Johns Hopkins University, Baltimore MD

Investigators

Linked publications & trials

Abstract

DESCRIPTION (provided by applicant): Although significant advances have been made in the outcome of children with ALL, one in four children will relapse. Not only are better therapies needed, but there also need to be better methods for deciding among new therapies. The presence of minimal residual disease (MRD) following therapy has been shown to be an important prognostic factor in childhood ALL. In this study we propose to use minimal residual disease to evaluate the effectiveness of several blocks of intensive therapy for children with ALL undergoing first marrow relapse. We will employ a flow cytometric method, extended from our experience on MRD testing on nearly 2000 children with newly diagnosed ALL. This method is based on the principle that leukemic B cells have phenotypes that can be distinguished, in multiparameter analysis, from those of normal B cell precursors.
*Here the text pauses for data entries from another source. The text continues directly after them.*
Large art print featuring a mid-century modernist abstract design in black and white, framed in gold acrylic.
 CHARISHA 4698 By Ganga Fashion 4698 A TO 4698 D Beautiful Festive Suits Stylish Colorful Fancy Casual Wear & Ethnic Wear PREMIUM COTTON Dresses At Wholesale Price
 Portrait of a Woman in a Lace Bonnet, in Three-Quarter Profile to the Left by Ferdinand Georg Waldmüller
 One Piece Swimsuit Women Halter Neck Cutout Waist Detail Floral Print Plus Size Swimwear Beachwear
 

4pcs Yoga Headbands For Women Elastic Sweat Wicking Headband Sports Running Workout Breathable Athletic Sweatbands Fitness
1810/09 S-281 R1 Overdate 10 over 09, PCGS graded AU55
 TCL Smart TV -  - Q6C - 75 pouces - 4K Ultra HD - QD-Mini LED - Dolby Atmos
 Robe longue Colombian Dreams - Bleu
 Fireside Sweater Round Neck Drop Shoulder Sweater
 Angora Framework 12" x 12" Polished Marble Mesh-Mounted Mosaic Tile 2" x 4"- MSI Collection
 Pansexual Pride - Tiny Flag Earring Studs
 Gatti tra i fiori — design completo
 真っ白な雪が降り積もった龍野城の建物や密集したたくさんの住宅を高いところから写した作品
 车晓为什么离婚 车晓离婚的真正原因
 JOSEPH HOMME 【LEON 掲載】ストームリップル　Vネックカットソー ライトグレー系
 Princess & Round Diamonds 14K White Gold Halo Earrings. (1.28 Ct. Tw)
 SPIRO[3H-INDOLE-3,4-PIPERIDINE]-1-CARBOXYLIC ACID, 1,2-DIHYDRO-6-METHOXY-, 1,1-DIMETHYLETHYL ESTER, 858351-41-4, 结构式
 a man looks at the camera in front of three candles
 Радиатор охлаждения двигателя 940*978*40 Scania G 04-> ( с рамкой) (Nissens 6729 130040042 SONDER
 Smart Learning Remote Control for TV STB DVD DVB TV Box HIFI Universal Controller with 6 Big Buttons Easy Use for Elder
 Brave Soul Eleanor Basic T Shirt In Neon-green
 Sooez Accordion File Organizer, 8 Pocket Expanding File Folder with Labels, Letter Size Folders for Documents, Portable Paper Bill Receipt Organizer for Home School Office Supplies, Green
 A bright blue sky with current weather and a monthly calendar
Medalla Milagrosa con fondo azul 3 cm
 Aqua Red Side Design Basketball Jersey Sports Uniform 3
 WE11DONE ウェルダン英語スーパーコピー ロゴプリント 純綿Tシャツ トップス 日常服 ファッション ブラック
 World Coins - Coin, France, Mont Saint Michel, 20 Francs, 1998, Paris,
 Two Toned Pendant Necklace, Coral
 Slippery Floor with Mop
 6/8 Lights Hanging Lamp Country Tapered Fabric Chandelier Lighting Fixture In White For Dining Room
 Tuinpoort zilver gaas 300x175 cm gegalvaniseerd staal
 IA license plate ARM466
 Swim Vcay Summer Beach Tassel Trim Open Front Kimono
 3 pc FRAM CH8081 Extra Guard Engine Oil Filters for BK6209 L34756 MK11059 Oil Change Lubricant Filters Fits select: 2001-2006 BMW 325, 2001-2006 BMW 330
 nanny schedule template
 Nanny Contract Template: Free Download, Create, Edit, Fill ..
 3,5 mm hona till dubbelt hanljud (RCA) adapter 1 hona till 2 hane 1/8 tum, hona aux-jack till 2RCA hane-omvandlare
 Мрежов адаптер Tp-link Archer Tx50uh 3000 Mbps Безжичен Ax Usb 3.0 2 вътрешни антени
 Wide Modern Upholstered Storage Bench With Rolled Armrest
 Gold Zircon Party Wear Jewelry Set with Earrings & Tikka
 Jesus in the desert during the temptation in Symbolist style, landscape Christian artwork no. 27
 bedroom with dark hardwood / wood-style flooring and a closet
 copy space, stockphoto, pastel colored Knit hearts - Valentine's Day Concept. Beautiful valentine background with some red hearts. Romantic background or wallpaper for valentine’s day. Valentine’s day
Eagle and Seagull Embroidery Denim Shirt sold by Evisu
We will use this method to determine the kinetics of reduction of leukemic burden after each of 3 blocks of therapy, and compare these results to conventional methods of outcome, including day 8 marrow response, remission reinduction rates, and 4 month EFS. We will also compare these results to those obtained with a novel 8-colorflow cytometric method, hypothesizing that the latter will be more sensitive, and thus able to provide better quantitative information on the rate of leukemic clearance further into therapy. Finally, following the completion of this first study, we will perform the same analyses in a group of patients who will receive the anti-CD22 monoclonal antibody epratuzamab during block 1 but who otherwise receive identical therapy, and determine if there is a change in frequency of MRD that correlates with a change in outcome. If these studies prove successful, we will adapt this approach to the evaluation of numerous new agents superimposed on this same treatment backbone. We will also be able to extend these studies to other situations where we can use MRD as a rapid means to compare therapies.